Começamos esta carta buscando abrir um diálogo sobre questões latentes há muito tempo, que nos parece que não podem mais ser adiadas. Um diálogo sobre as diferenças e sobre situações desconfortáveis e recorrentes que precisam ser revistas, inclusive dentro da Rede Magdalena. Em nossa primeira edição do Encontro Internacional de Mulheres da Cena - Reverbe, em Curitiba, Brasil, o racismo aconteceu e gerou movimentos, como o cancelamento de um espetáculo, a abertura de uma roda de conversa e a escrita, a muitas mãos, desta carta.

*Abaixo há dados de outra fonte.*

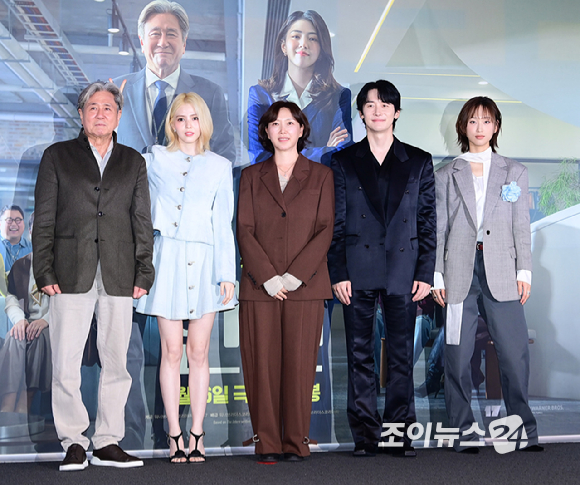배우 최민식과 한소희가 4일 오후 서울 CGV 용산아이파크몰에서 열린 영화 '인턴'(감독 김도영) 언론시사회에 참석하고 있다. [사진=정소희 기자]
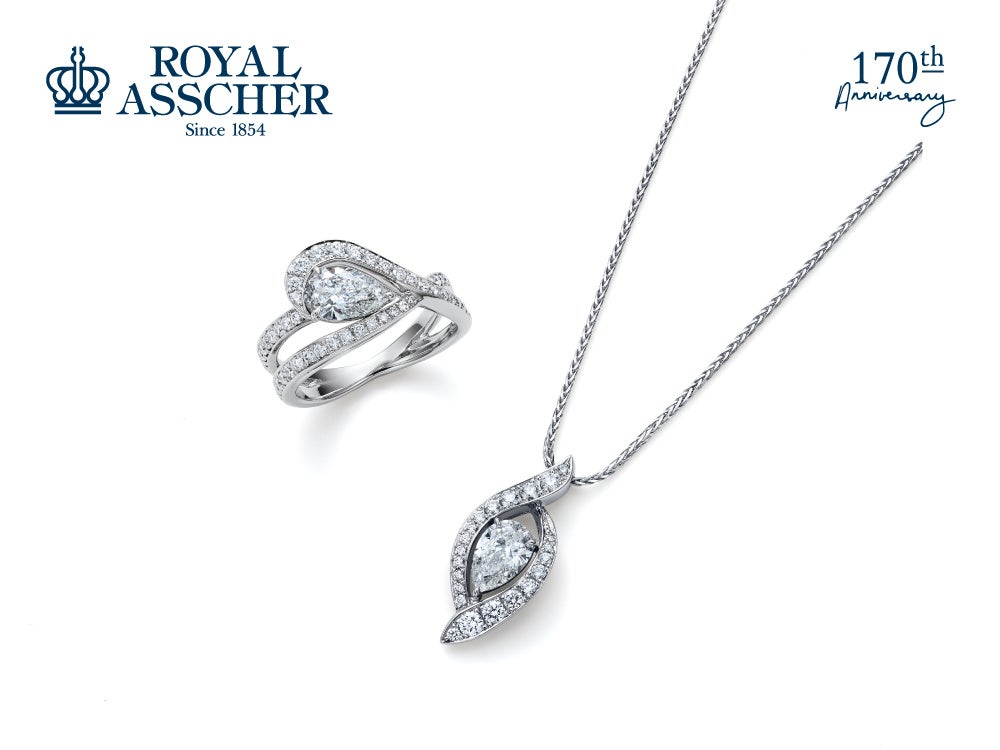 「ペアシェイプ」カット リング:Pt950 センターDia0.80ct 2,970,000円 ペンダント:Pt950 センターDia0.80ct 2,750,000円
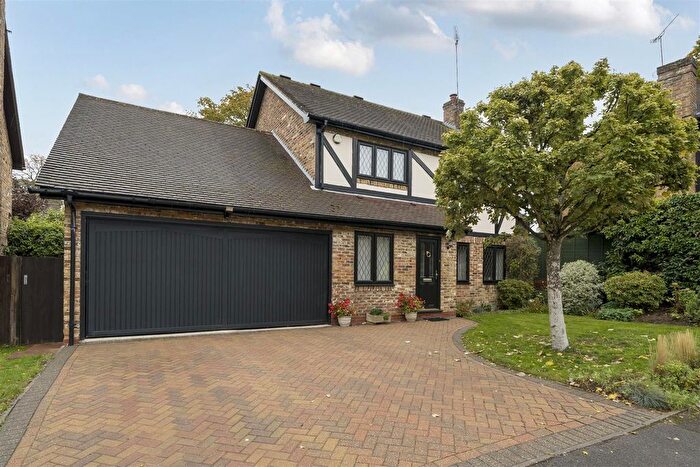4 Bedroom Detached House For Sale In Alcot Close, Crowthorne, RG45
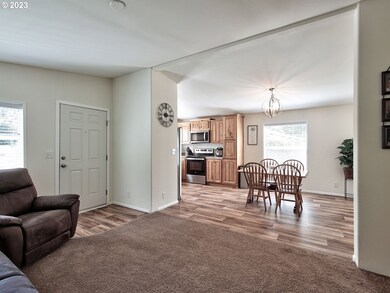 21979 Chalet Ct NE, Aurora, OR 97002 - photo 3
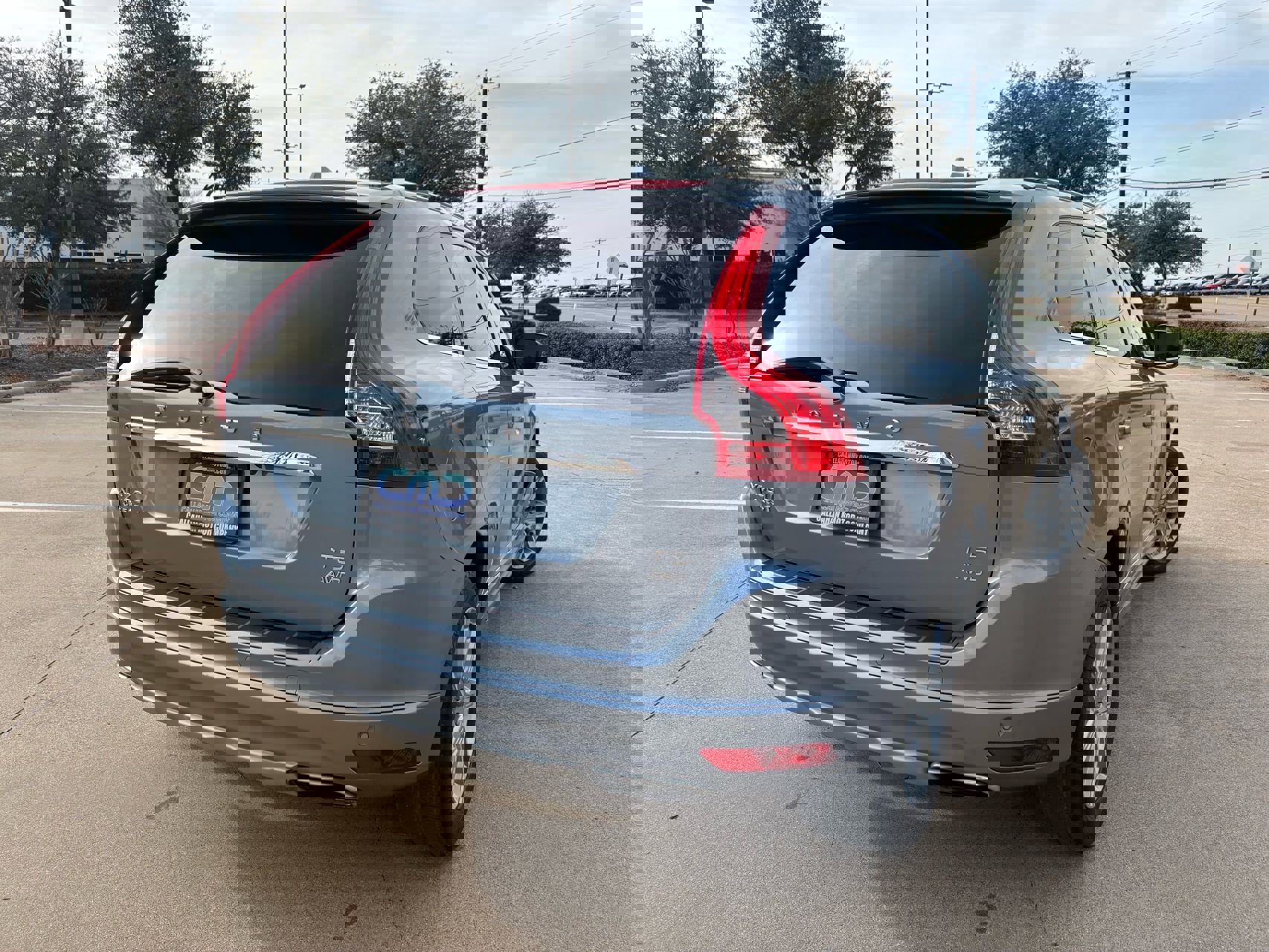 Used 2017 Volvo XC60 T5 Inscription w/ Preferred Option Package image 5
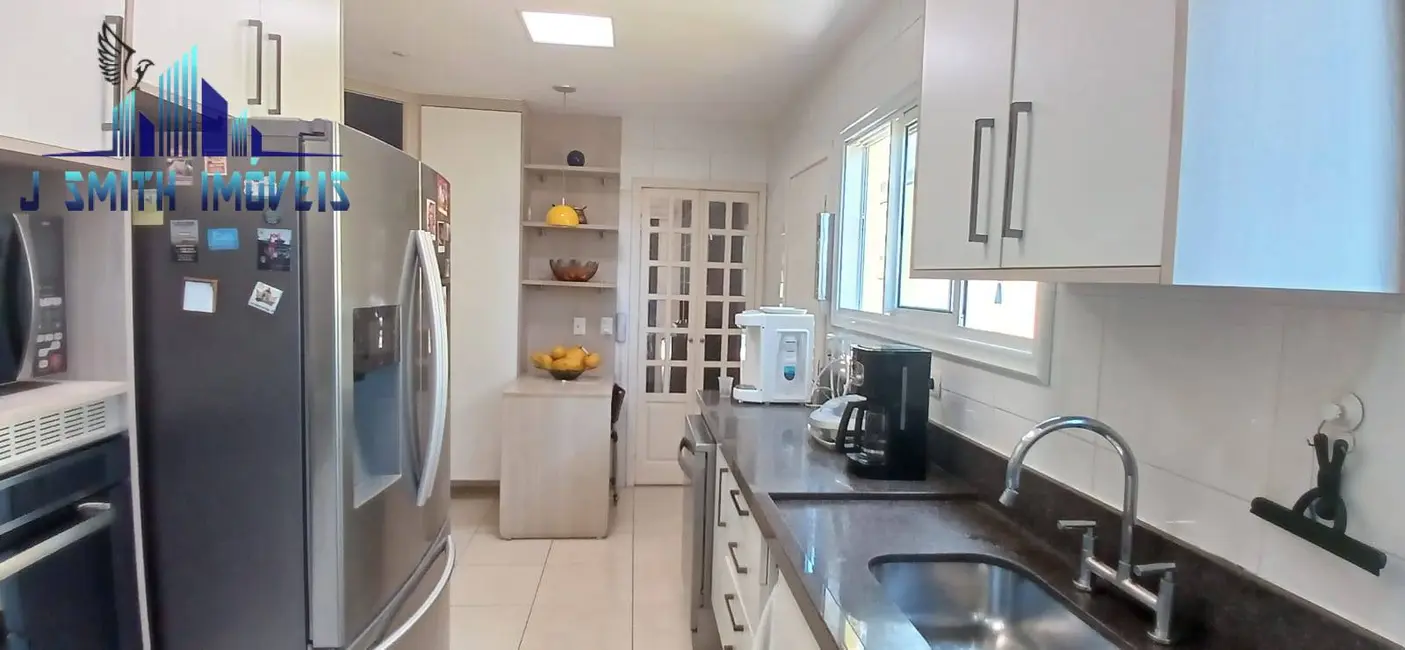 Foto 7 de Casa com 3 quartos à venda, 217m2 em Jardim Lambreta, Cotia - SP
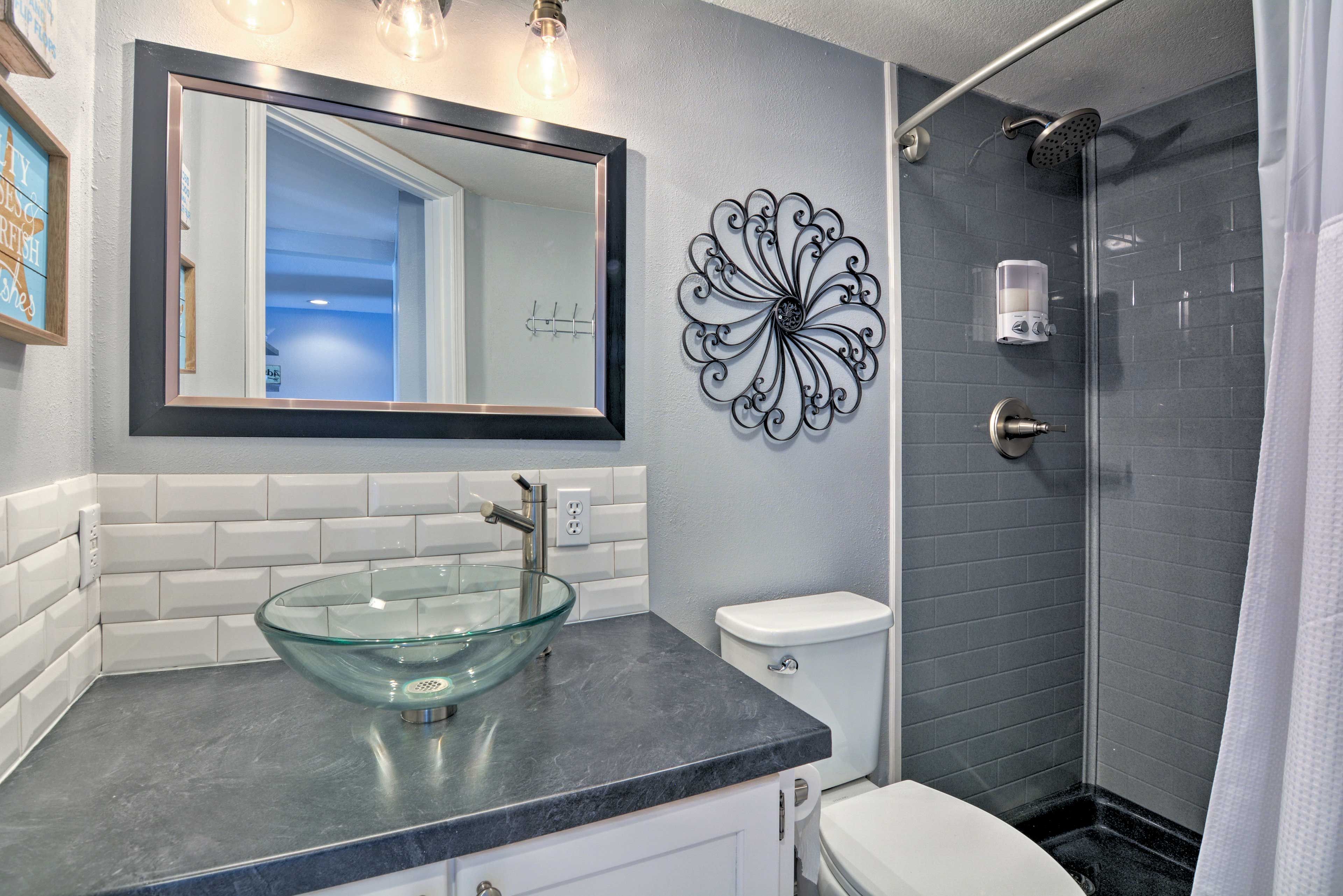 En-Suite Bathroom | Walk-In Shower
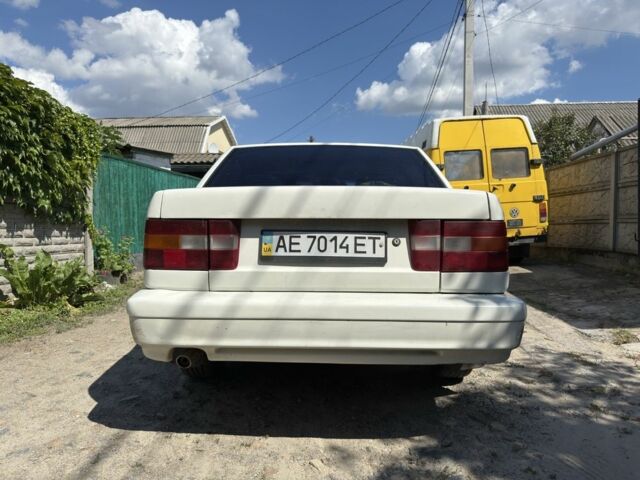 Белый Вольво 850, объемом двигателя 2.4 л и пробегом 422 тыс. км за 1602 $, фото 1 на Automoto.ua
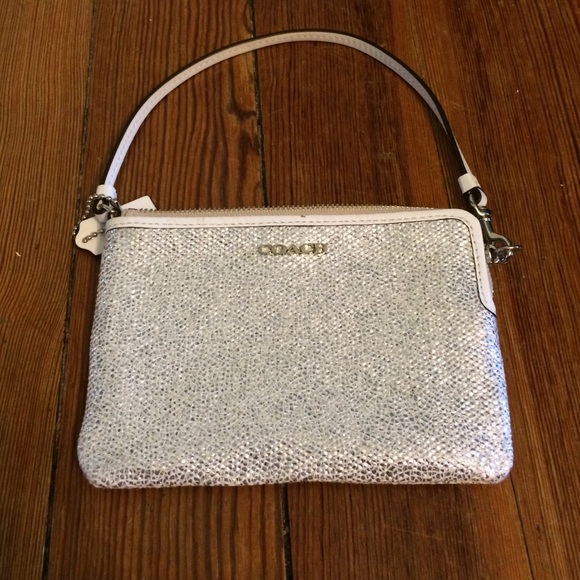 Coach Handbags - Coach Wristlet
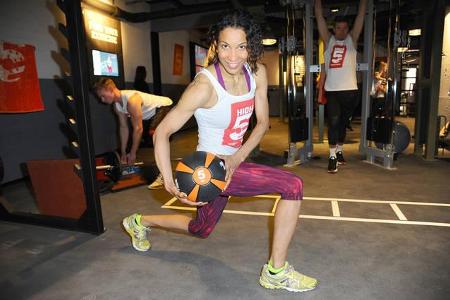 ...Annabelle Mandeng hingegen beschäftigte sich mit einer anderen Trainingsmethode. Mit einem Medizinball bewaffnet versucht...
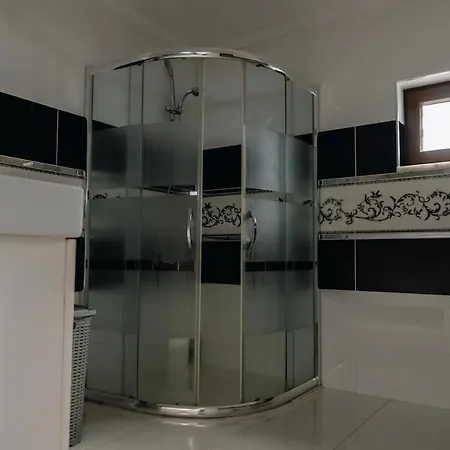 Yildiz * Kizilcasehir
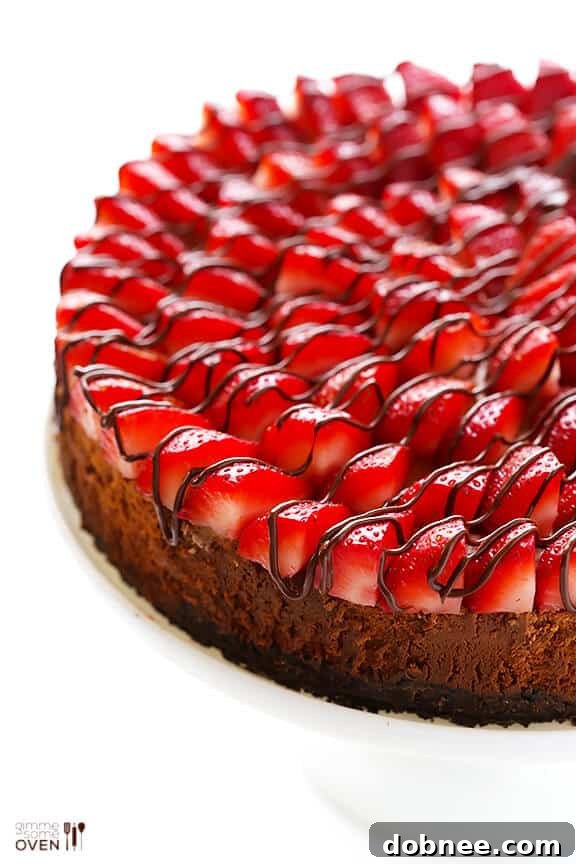 Strawberry Nutella Cheesecake | gimmesomeoven.com #dessert #chocolate
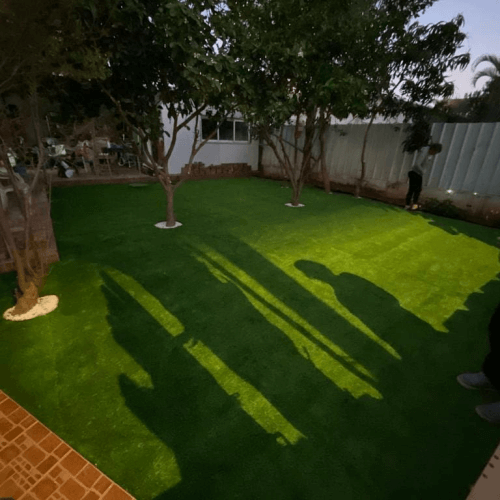 התקנת דשא סינתטי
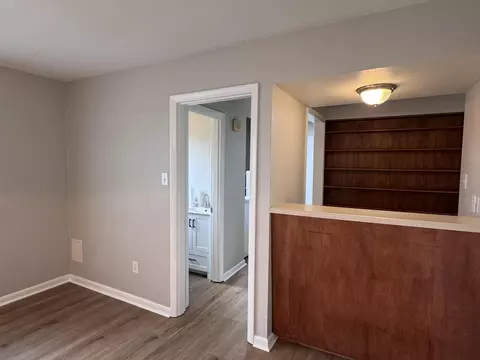 Living - 504 S Kentucky Ave, Corbin, KY 40701 photo 5 of 9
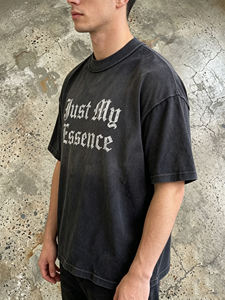 HONGGUAN Factory Oem 100% Cotton Heavy Weight Short Sleeve T-<b>shirt</b> Men Custom Graphic Printed Vintage Washed Distressed Tshirt - Product Image 2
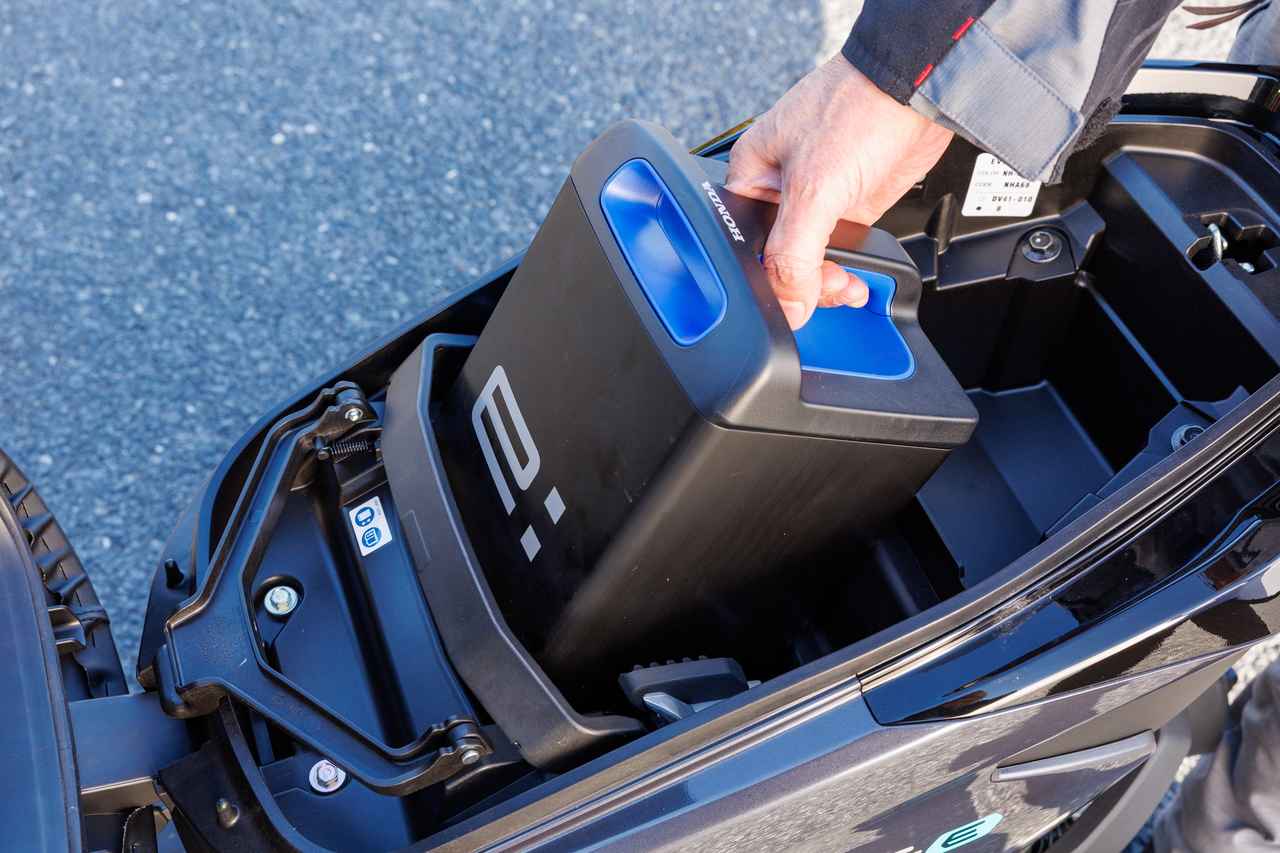 画像: バッテリーは「モバイルパワーパックｅ」。今回の先行発売では含まれておらず、バッテリー交換サービスへの加入が必要。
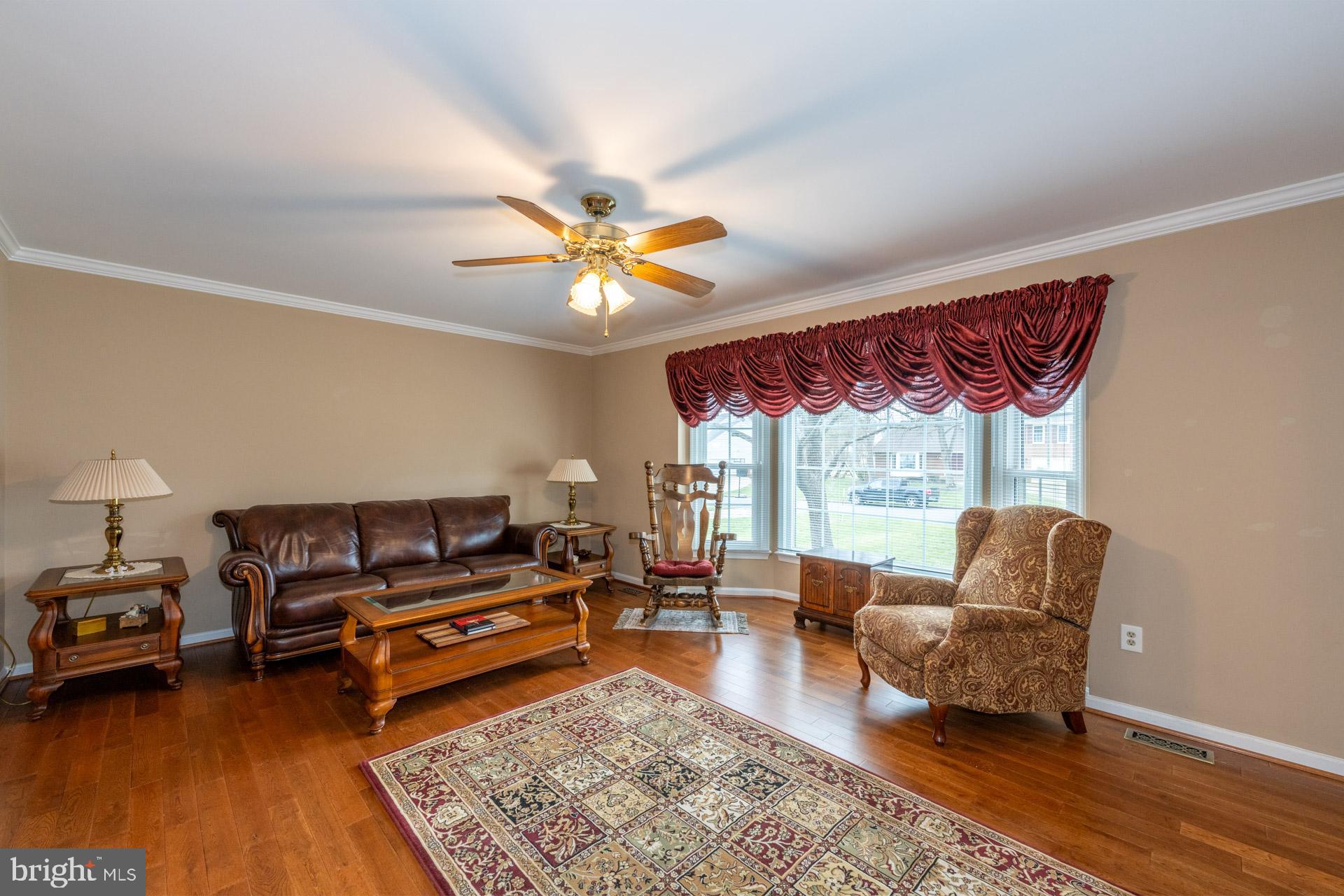 6 Foxmore Court Sterling, VA 20165 - Photo 10 of 47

Por aqui todas fazemos parte desta grande rede de mulheres de teatro, que existe há tantos anos chamada The Magdalena Project. Nos últimos anos a rede se ampliou muito, em especial na América Latina, trazendo uma imensa variedade de festivais em países como Brasil, Chile, Argentina, Peru, Colômbia e Equador. Este crescimento possibilitou muitos intercâmbios, contribuindo para a manutenção da rede, que segue se multiplicando e se atualizando. Tais festivais ofereceram muitos convites também a artistas europeias para compartilharem seus trabalhos, visões e visitarem estes países. É inegável a riqueza gerada pelo encontro de culturas e o quanto a rede se fortalece justamente por esta pluralidade.

No entanto, alguns temas estão pulsando há algum tempo e merecem uma reflexão mais direcionada e profunda para avançar no que pode ser uma rede internacional de mulheres das artes cênicas, que tem a ver com referências, visões de mundo e como se expressar em diferentes contextos, respeitando o lugar onde se está. Esta carta é um convite para a abertura de espaços possíveis de (re)existência.

Para tanto, é importante contextualizar de onde falamos. Quando os portugueses invadiram o território brasileiro em 1500, encontraram por aqui povos indígenas de várias etnias, com culturas, comportamentos e idiomas distintos. Foram recebidos, convidados a entrar. Eventualmente, os recém chegados, os exterminaram ou escravizaram a todos. A professora da Universidade Federal do Sul e Sudeste do Pará (UNIFESSPA) Flávia Lisbôa sinaliza "É importante não perder de vista que a dominação europeia é uma ação imperial para ampliar seus domínios territoriais, a tomada do território hoje chamado Brasil nada mais foi do que o roubo dos territórios indígenas, imputando aos nativos a condição de inimigos de guerra, um povo “conquistado” por meio da extinção/aniquilamento a partir de 1500 e que nunca cessou, ressalvando os refinamentos ocorridos na forma como o genocídio se perpetua na atualidade.” (2020)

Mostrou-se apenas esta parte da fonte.